[Aim of the task]: The task calls for the lines below from the line with "Paphiessa Hotel & Apartments" to the line with "Kepala Ekonom BCA", both ends included, copied exactly, without any pictures.

[Excerpted data]:
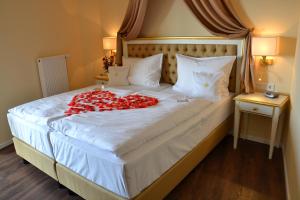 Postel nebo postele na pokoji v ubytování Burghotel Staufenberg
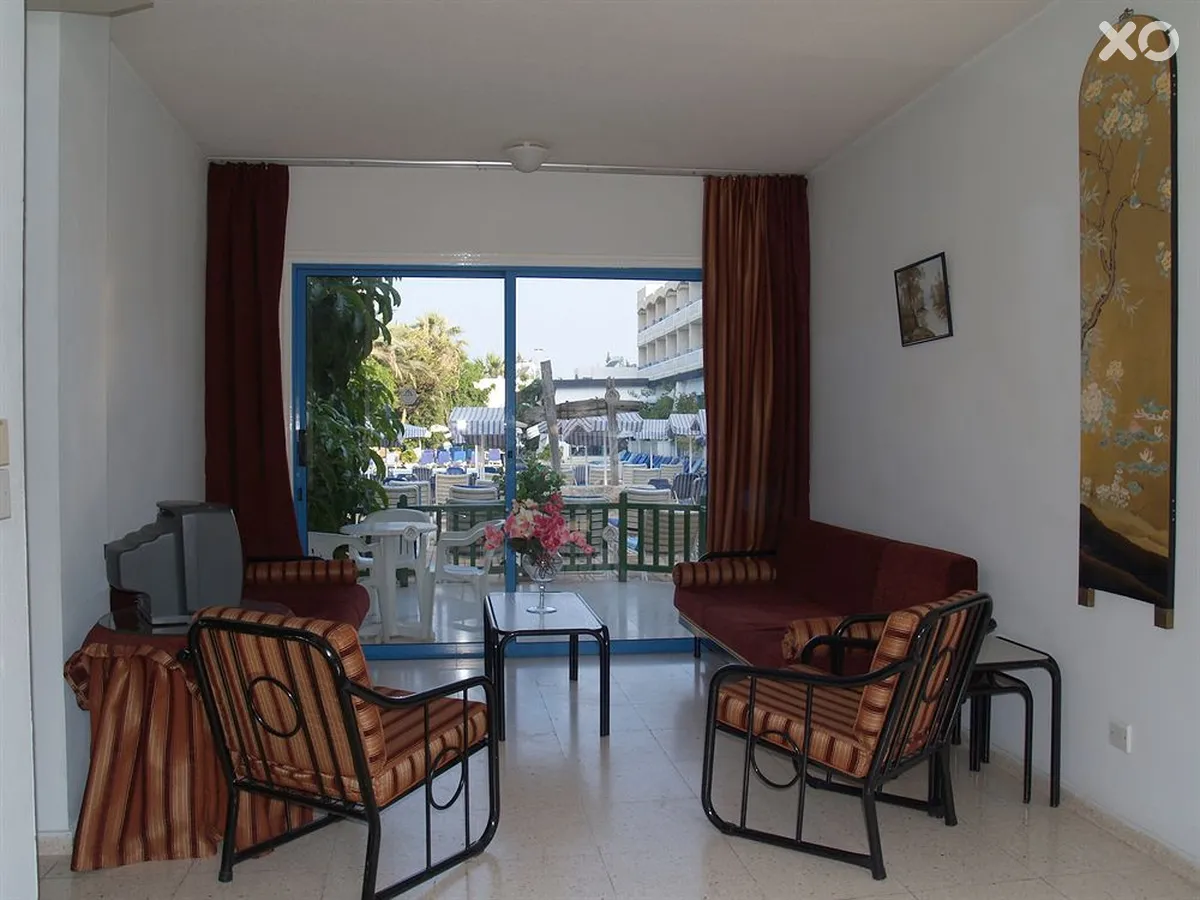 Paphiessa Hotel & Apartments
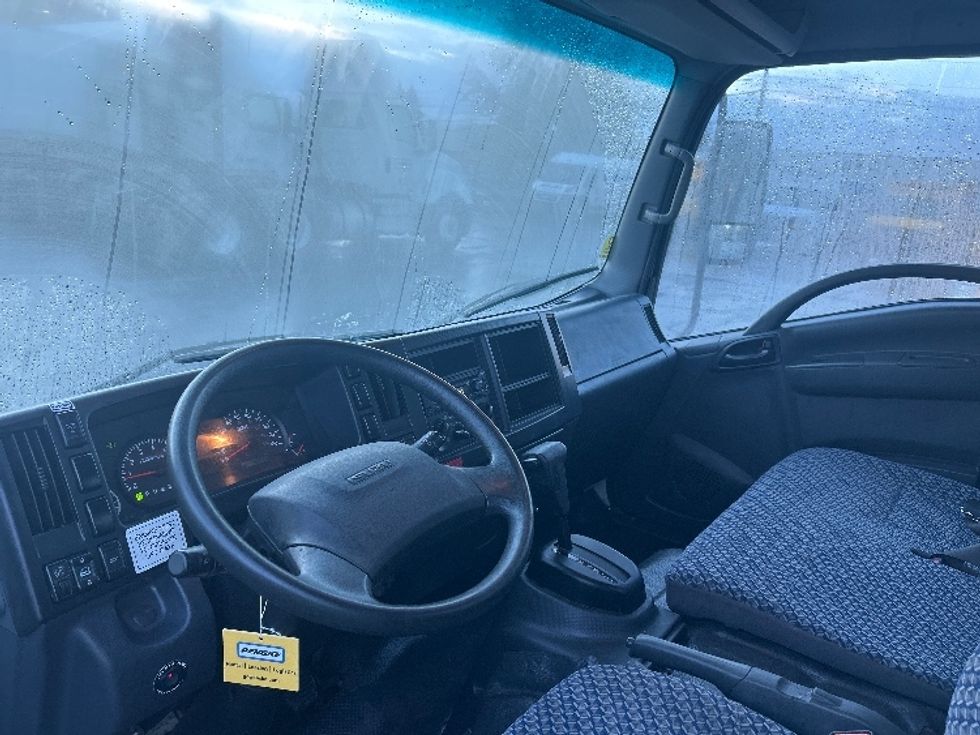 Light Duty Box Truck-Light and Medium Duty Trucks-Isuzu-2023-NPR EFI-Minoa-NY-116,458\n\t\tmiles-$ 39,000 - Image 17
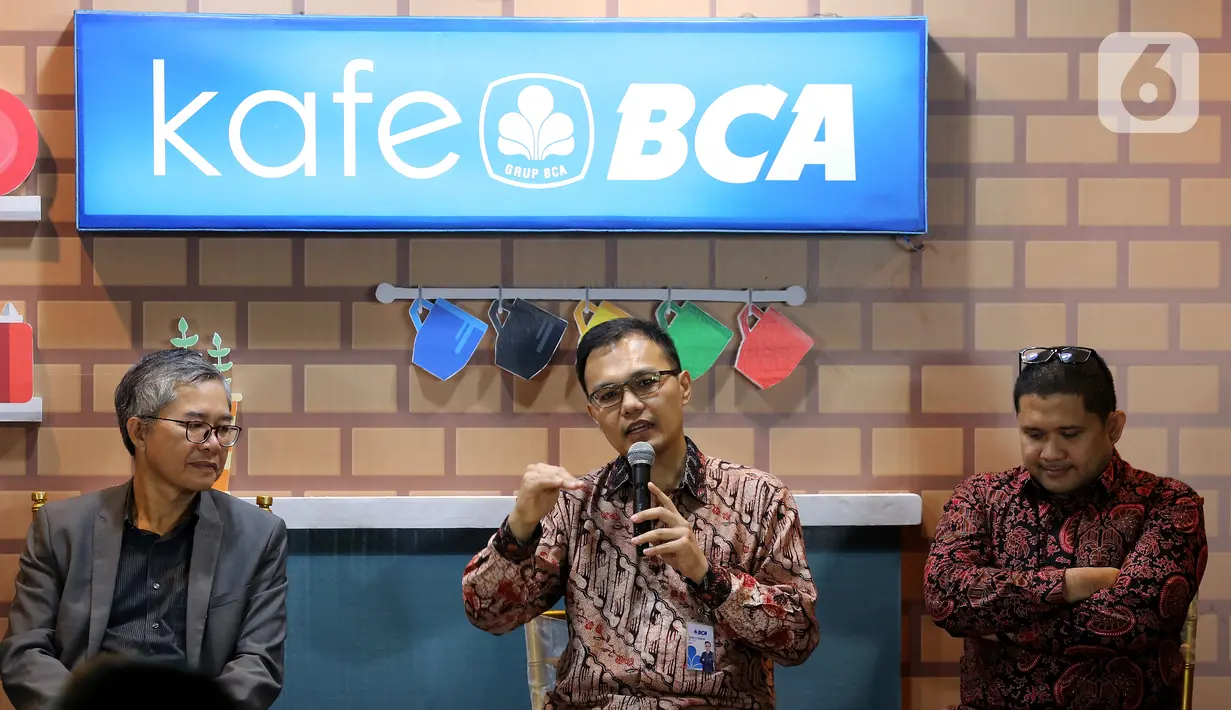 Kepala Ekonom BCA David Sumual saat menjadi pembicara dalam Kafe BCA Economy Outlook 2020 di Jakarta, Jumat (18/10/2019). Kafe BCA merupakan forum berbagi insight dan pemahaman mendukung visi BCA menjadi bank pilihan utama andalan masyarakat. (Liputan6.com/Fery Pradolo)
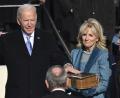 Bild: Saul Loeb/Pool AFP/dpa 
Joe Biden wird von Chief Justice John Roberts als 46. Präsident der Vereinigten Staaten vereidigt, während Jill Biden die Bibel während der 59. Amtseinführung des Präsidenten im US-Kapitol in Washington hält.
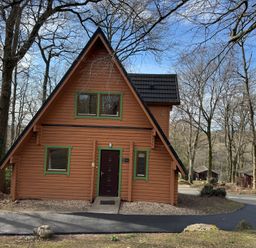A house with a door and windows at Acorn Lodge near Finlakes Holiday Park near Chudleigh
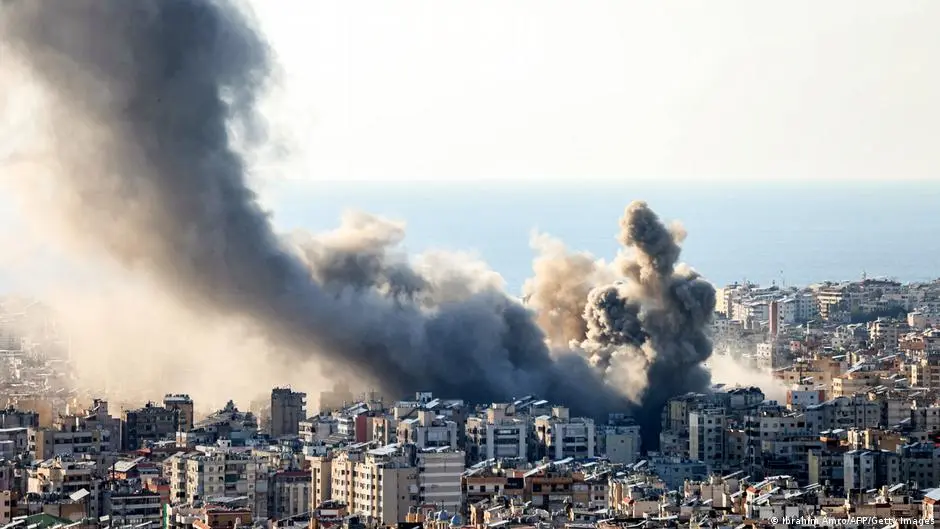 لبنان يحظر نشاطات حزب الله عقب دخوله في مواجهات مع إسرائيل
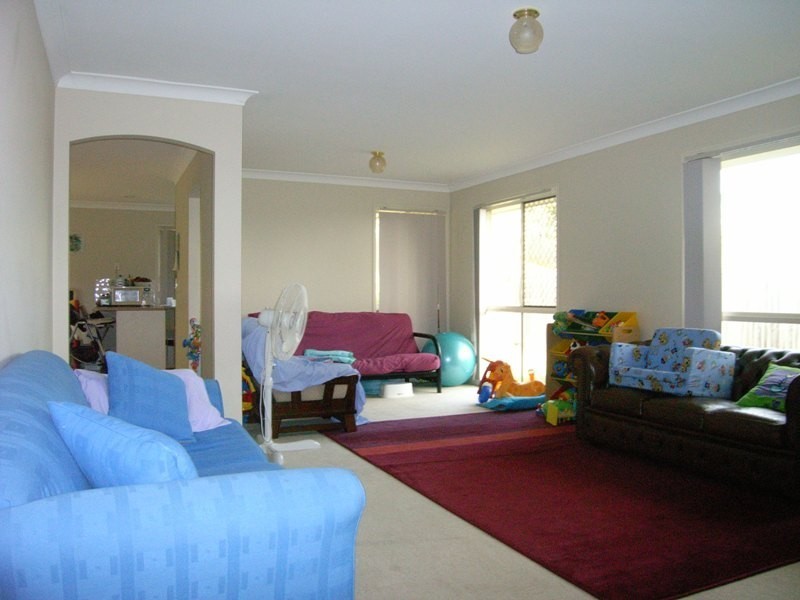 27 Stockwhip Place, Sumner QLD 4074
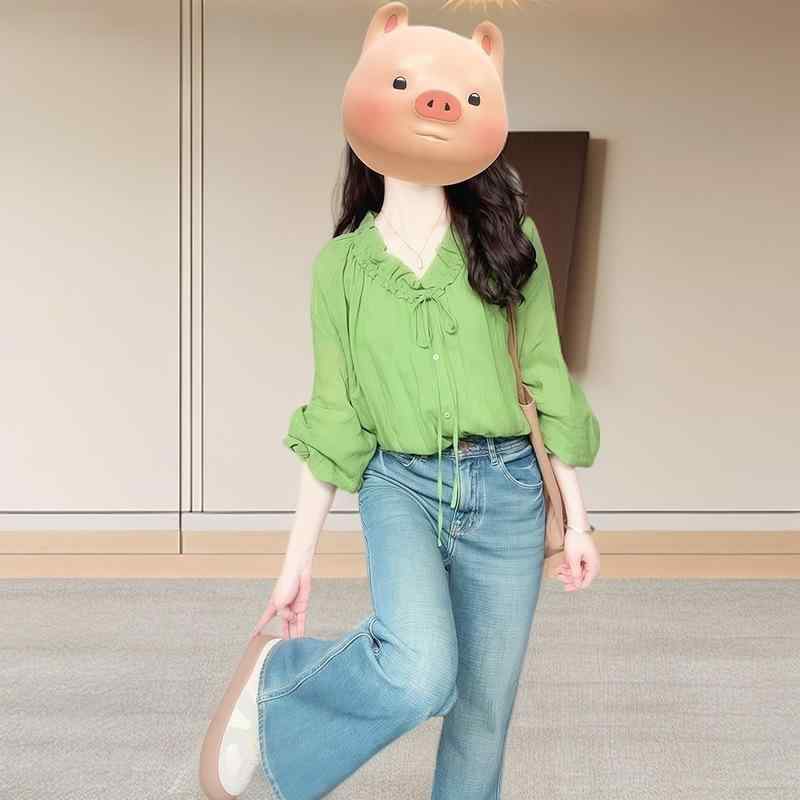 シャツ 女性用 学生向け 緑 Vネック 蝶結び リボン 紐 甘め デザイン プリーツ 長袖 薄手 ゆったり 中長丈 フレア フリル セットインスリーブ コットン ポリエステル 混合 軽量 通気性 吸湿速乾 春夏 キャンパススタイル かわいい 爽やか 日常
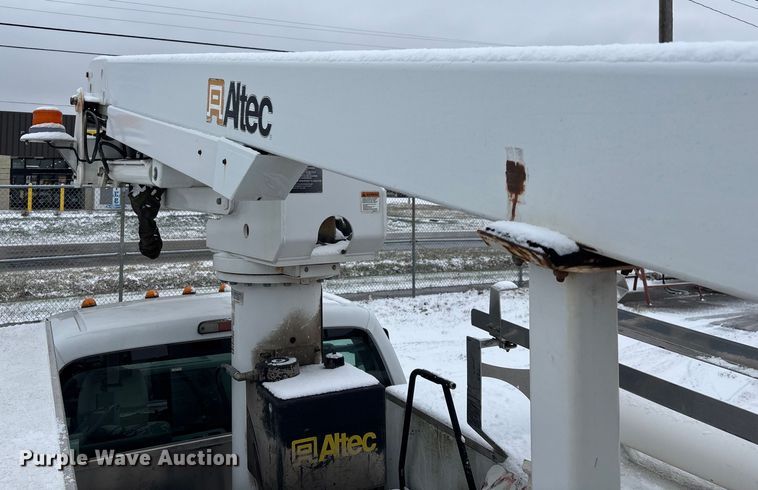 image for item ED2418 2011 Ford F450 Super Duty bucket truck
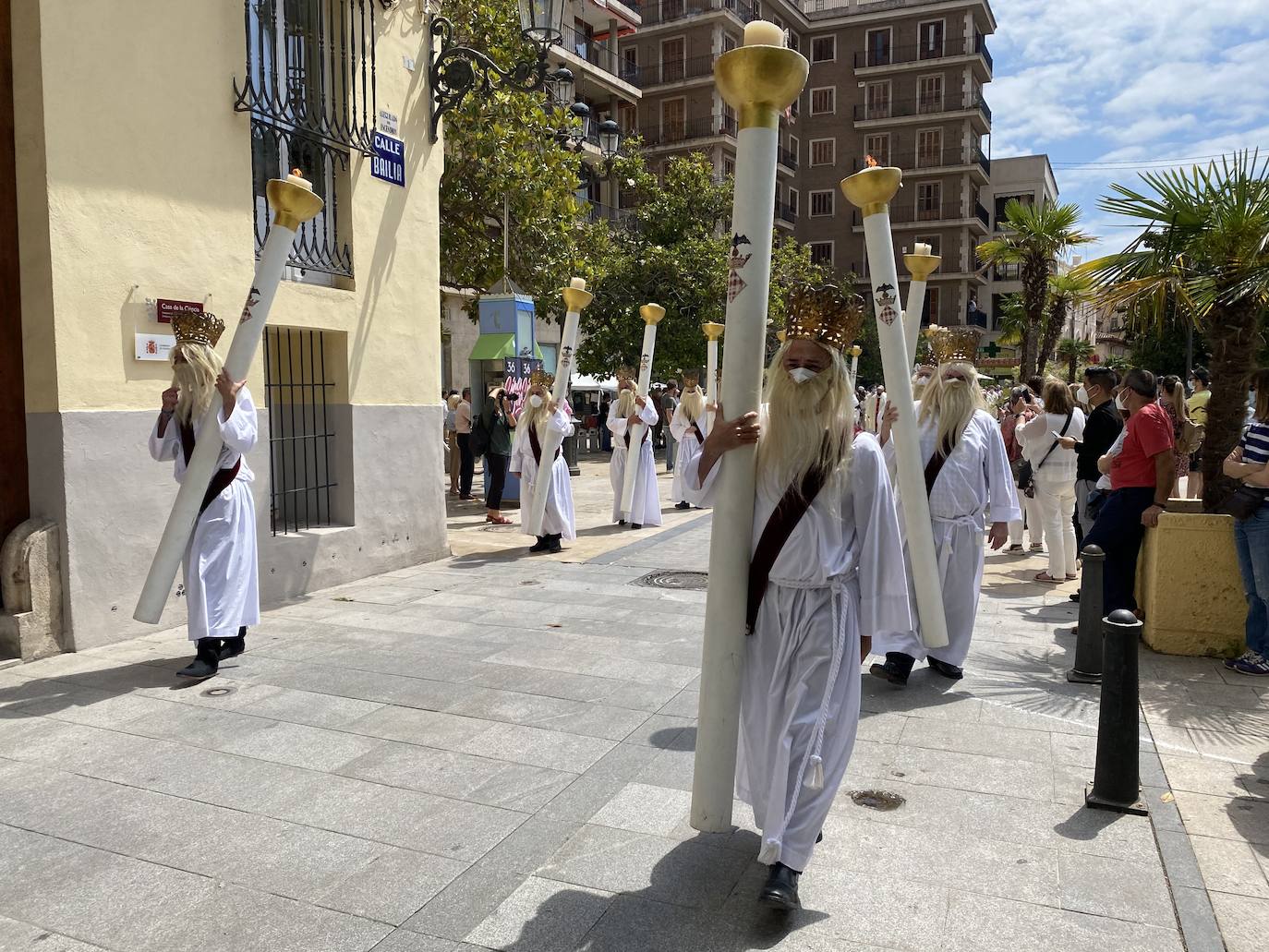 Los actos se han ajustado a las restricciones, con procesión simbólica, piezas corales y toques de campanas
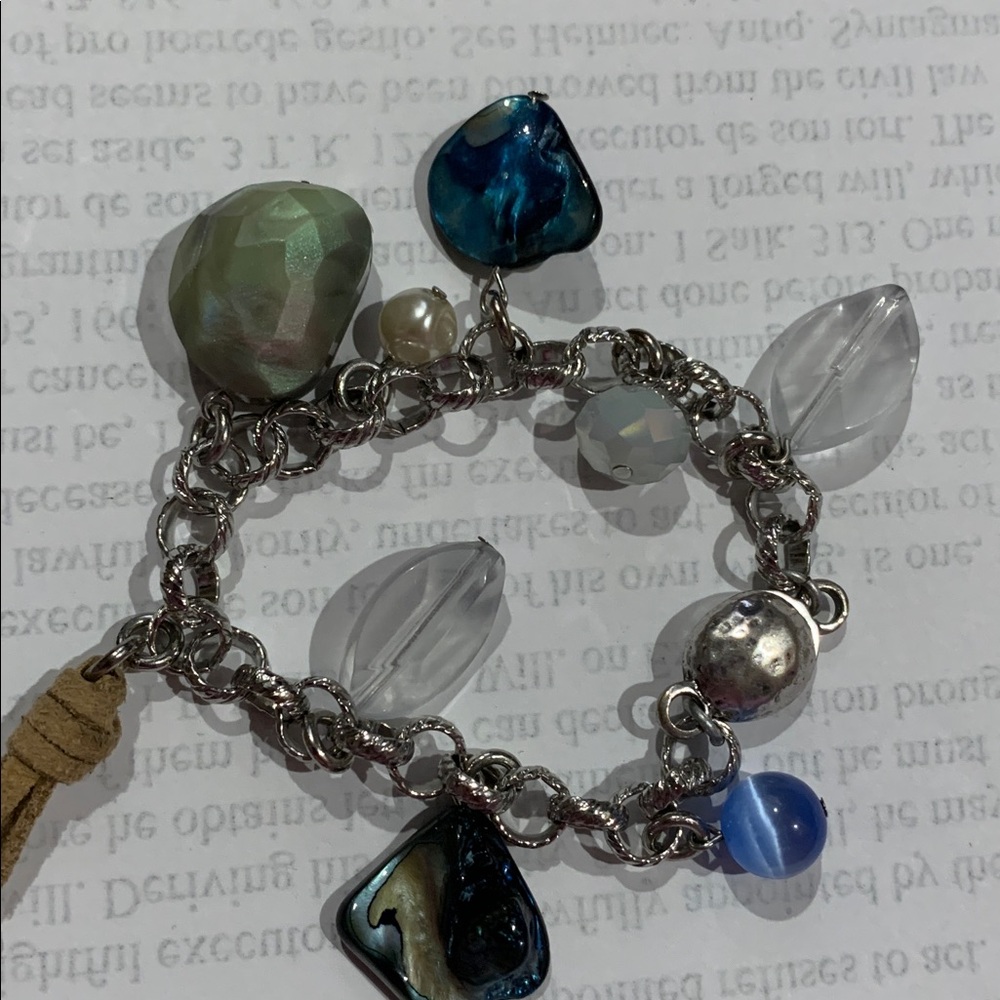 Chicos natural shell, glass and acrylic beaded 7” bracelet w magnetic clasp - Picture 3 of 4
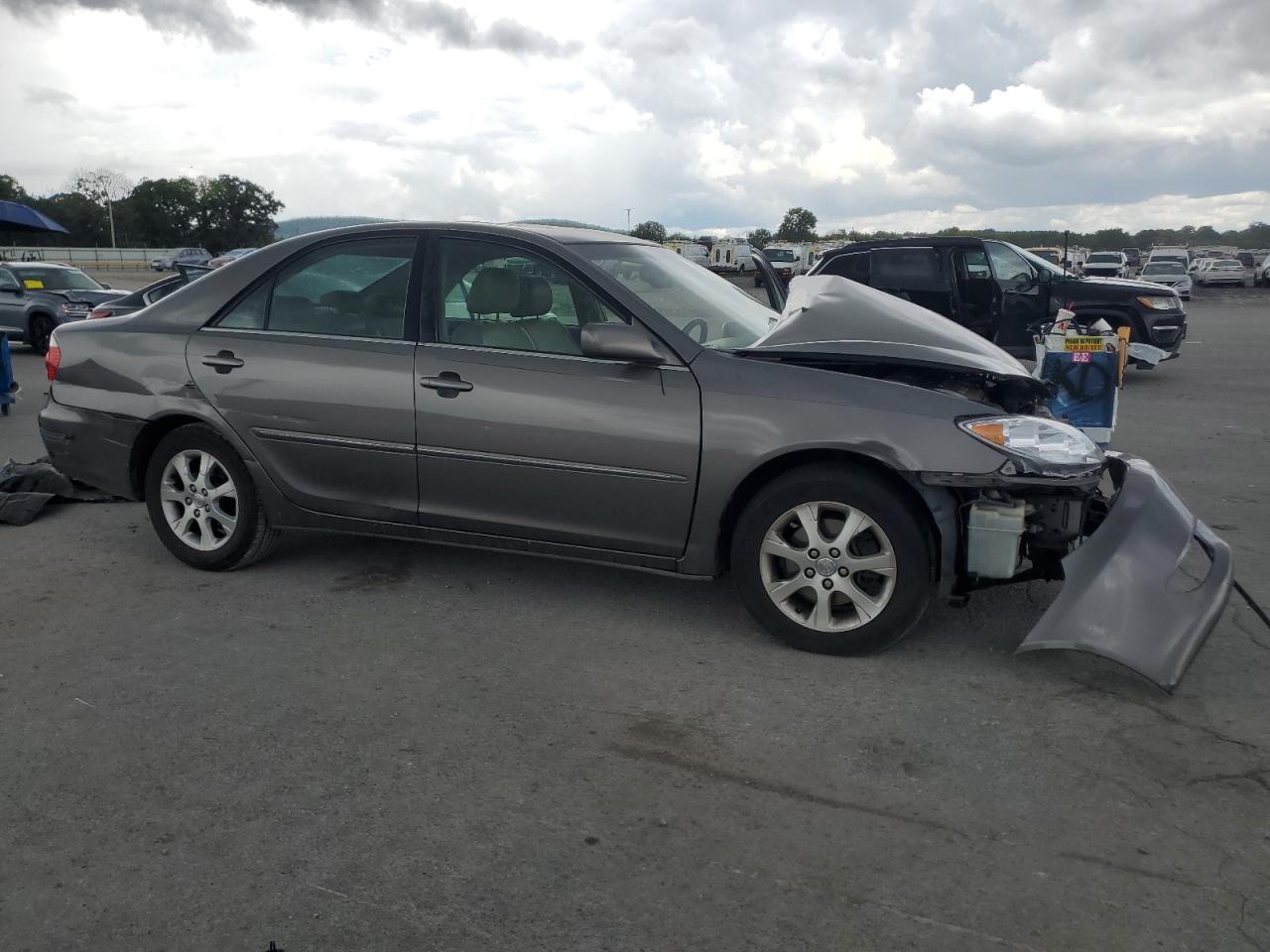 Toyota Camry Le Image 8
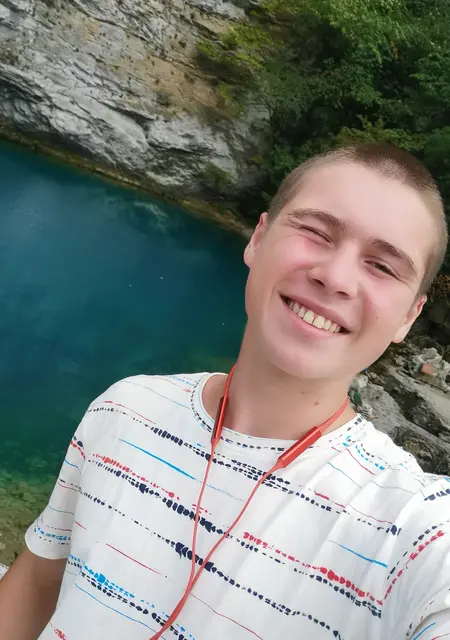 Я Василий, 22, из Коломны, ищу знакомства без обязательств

[Reply to the task]:
 Paphiessa Hotel & Apartments
 Light Duty Box Truck-Light and Medium Duty Trucks-Isuzu-2023-NPR EFI-Minoa-NY-116,458\n\t\tmiles-$ 39,000 - Image 17
 Kepala Ekonom BCA David Sumual saat menjadi pembicara dalam Kafe BCA Economy Outlook 2020 di Jakarta, Jumat (18/10/2019). Kafe BCA merupakan forum berbagi insight dan pemahaman mendukung visi BCA menjadi bank pilihan utama andalan masyarakat. (Liputan6.com/Fery Pradolo)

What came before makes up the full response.